Starting at the line that contains "La Guardia Civil", write out each line through the end of the data below, exactly as it stands. Skip any pictures.

(Caption-style text data)
--------------------

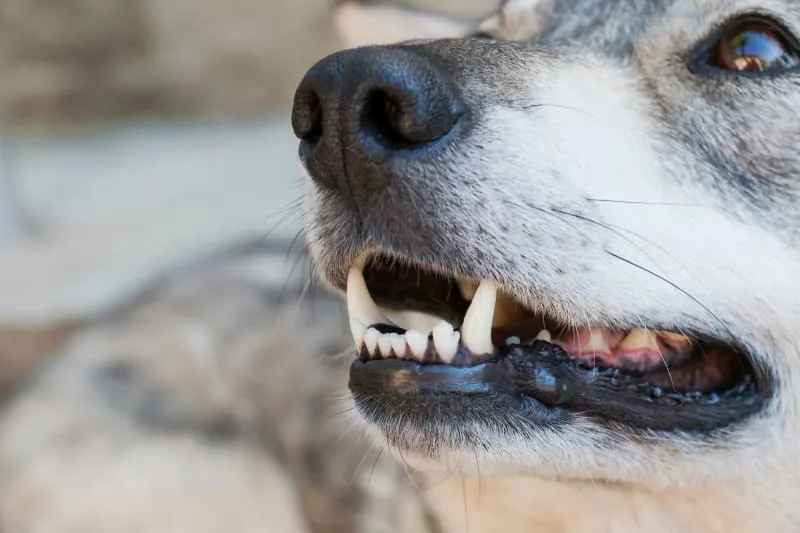 Common Dental Issues in Dogs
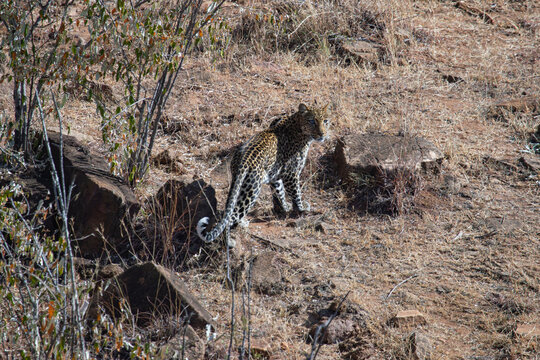leopard in kenya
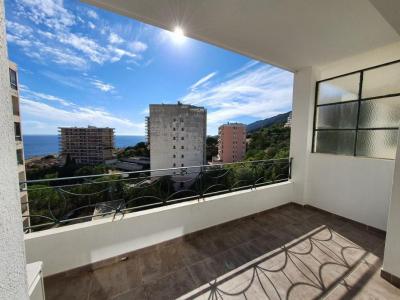 Annonce Location 2 pices Appartement Ajaccio 20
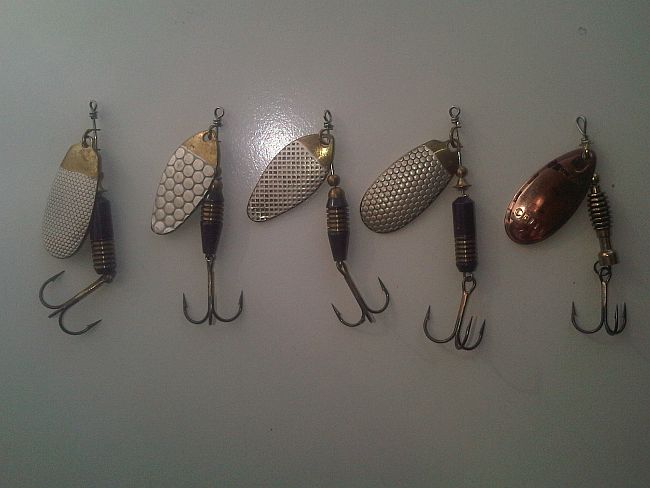 1. Aszychminki i Celta_.jpg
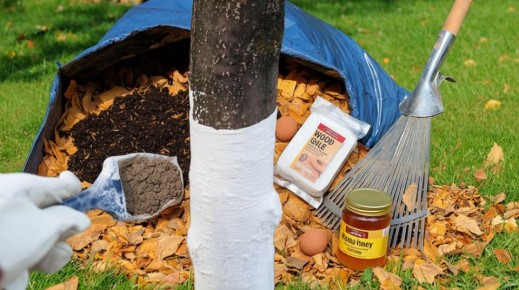 Как вернуть жизнь деревьям: простейший рецепт побелки от экспертов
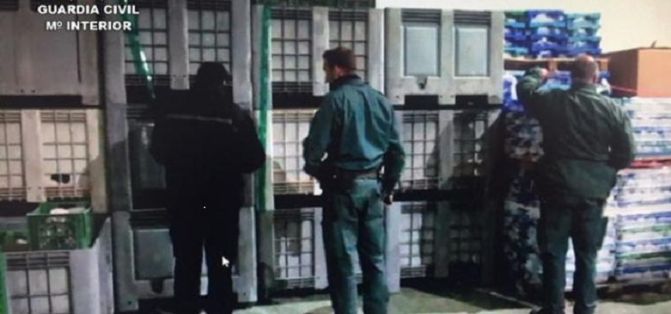 La Guardia Civil intervino 5.541 kg de diferentes especies pesqueras congeladas.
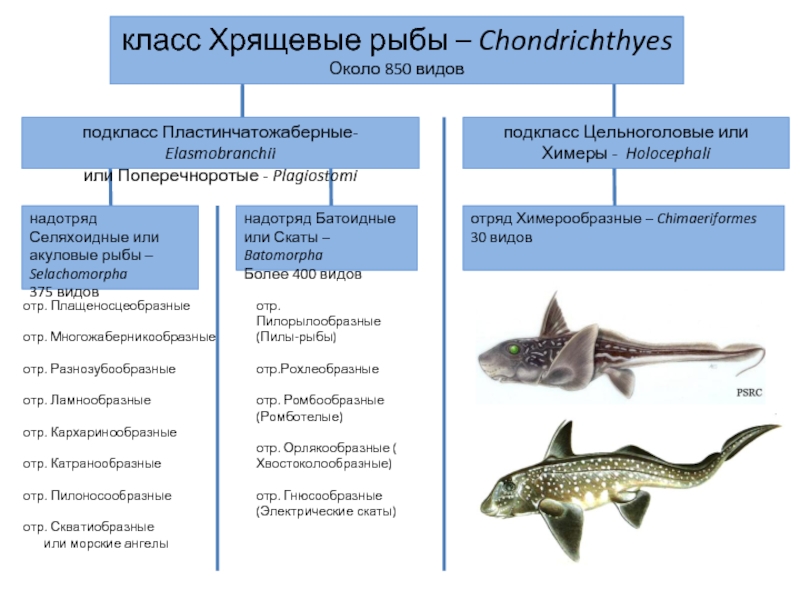 Реферат: Надотряд хрящевых рыб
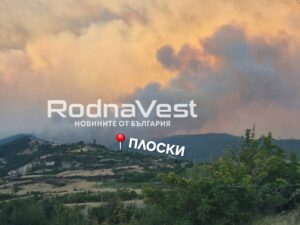 Пожар село Плоски, общ. Сандански Снимка: rodnavest.com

--------------------

__Solution__:
 La Guardia Civil intervino 5.541 kg de diferentes especies pesqueras congeladas.
 Реферат: Надотряд хрящевых рыб
 Пожар село Плоски, общ. Сандански Снимка: rodnavest.com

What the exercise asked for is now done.